Once the internal temperature reaches 150 degrees, it's time to baste the skin and increase the oven temperature to 400 degrees for the remaining time. When the turkey reaches 160 degrees, pull it out. It will continue to cook while it's resting (see Step 3) and eventually reach 165 degrees.
Of course you're anxious to slice into that turkey, but you need to let it rest so the meat can firm up and the juices can be fully absorbed. Transfer the turkey to a cutting board and cover it lightly with aluminum foil for 20 to 30 minutes. While it's resting, you can put the finishing touches on your side dishes. Once you're done, it will be time to start carving!
Make sure your slicing knife is sharp. Following the shape of the bird, cut the turkey into thin slices. Slice at a diagonal so you can fan the turkey slices — this keeps the bird more intact and helps the turkey stay hot. You may want to use a meat fork to hold the hot turkey in place as you slice.
Now that you know how to make a mouthwatering turkey, let's talk about the rest of the meal and how you can make it work for your healthy-eating plan. Use these tips to make your Thanksgiving dinner as healthy as it is delicious.
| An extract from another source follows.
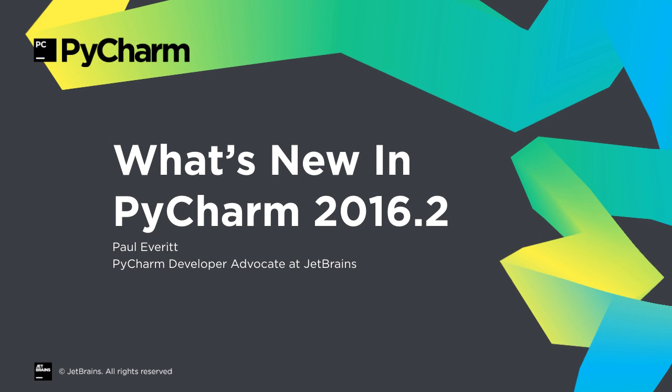PyCharm 2016.2 is out, continuing our commitment to frequent releases with regular progress. Let's take a tour of the major improvements.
Try adding pureed cauliflower to your mashed potatoes to replace some of the potatoes. Doing so will cut calories and add more fiber to your dish — and your guests likely won't know the difference. Instead of mixing the potatoes with butter, use milk and serve butter on the side so your guests can add it in themselves. For a healthier stuffing, use whole-wheat bread instead of white and add lots of veggies, such as carrots, celery, onions and mushrooms.
You might be surprised to find that sweet potato mash with a drizzle of maple syrup is just as satisfying as your aunt's calorie-busting casserole. Roasted Brussels sprouts, butternut squash soup and vegetable brown rice pilaf with dried cranberries and pecans are also tasty options.
Got extra turkey? Put it to good use! Add it to a spinach salad, use it in a panini or quesadilla, or transform it into turkey salad by chopping the meat and mixing it with onions, celery, light mayo and grapes. Add a scoop to a salad or use it in a sandwich with a slice of Swiss cheese. You can also transform leftover potatoes by using them in soups.